* _DATA_
>>>

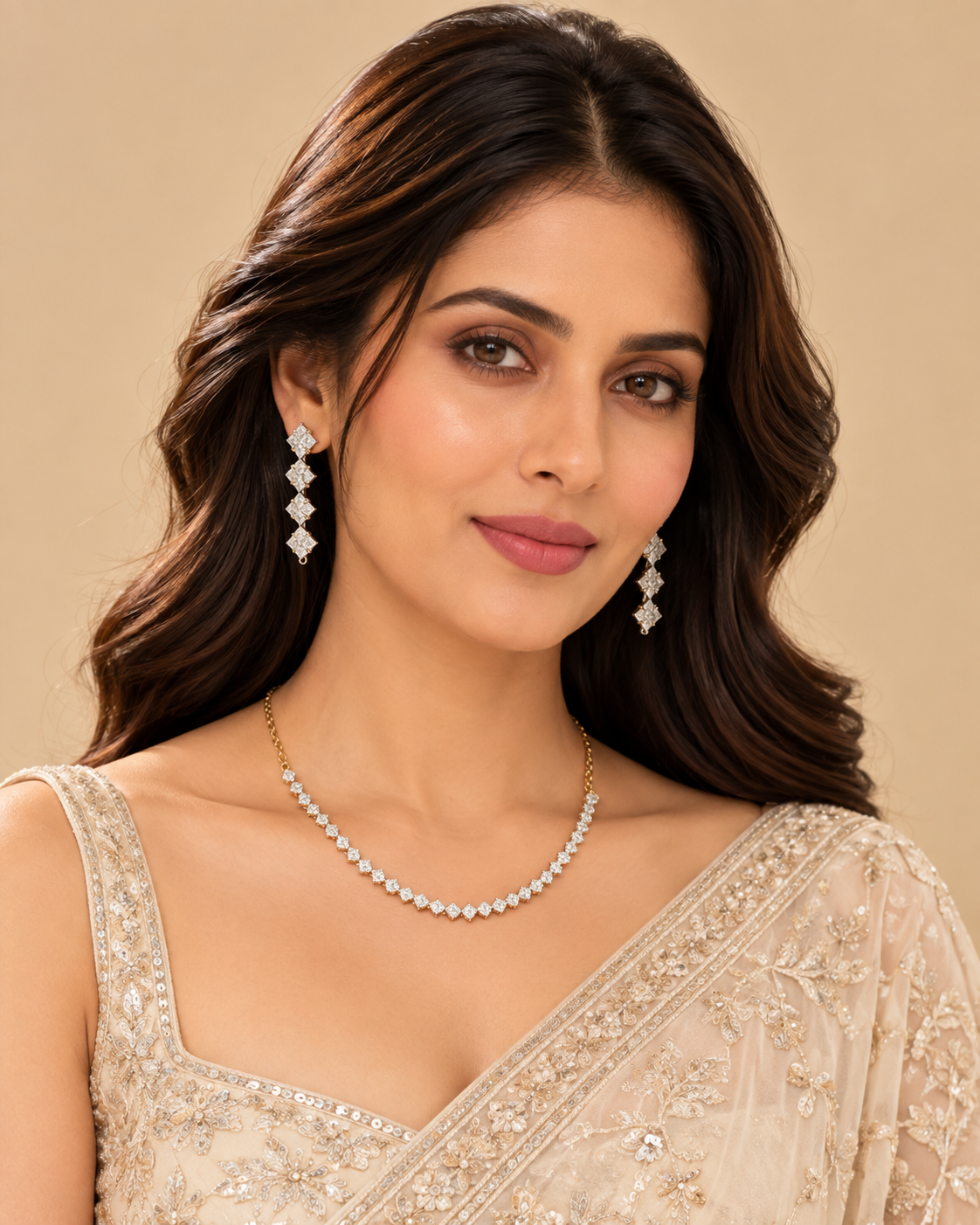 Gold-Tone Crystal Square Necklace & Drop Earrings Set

<<<
>>>

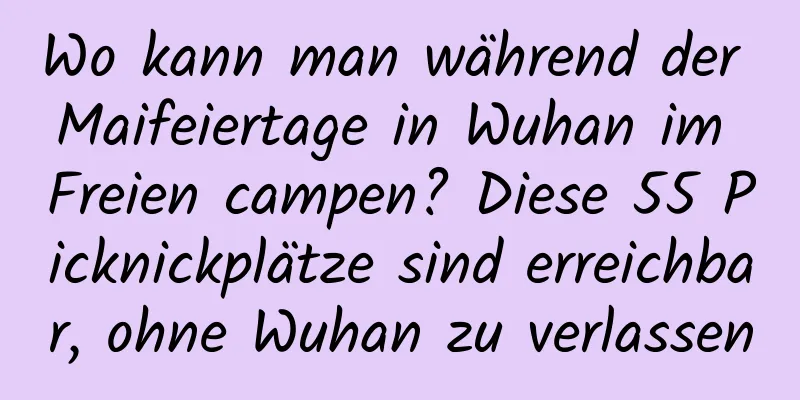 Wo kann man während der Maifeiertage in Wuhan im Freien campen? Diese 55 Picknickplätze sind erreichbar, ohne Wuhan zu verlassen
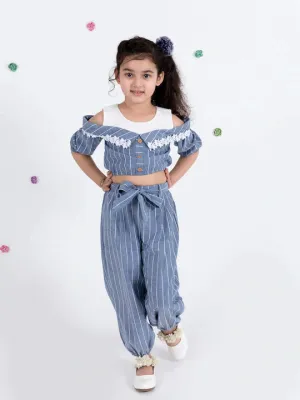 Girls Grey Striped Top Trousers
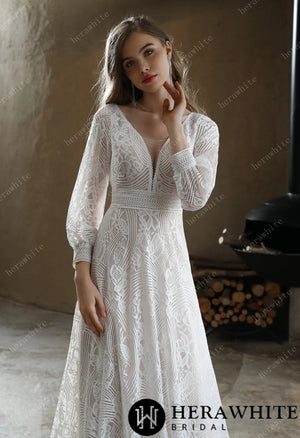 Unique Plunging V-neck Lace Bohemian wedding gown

<<<

Copy only these lines from the records above, exactly: the one with "Girls Grey Striped Top Trousers", the one with "Unique Plunging V-neck", and those between. Skip the pictures.

 Girls Grey Striped Top Trousers
 Unique Plunging V-neck Lace Bohemian wedding gown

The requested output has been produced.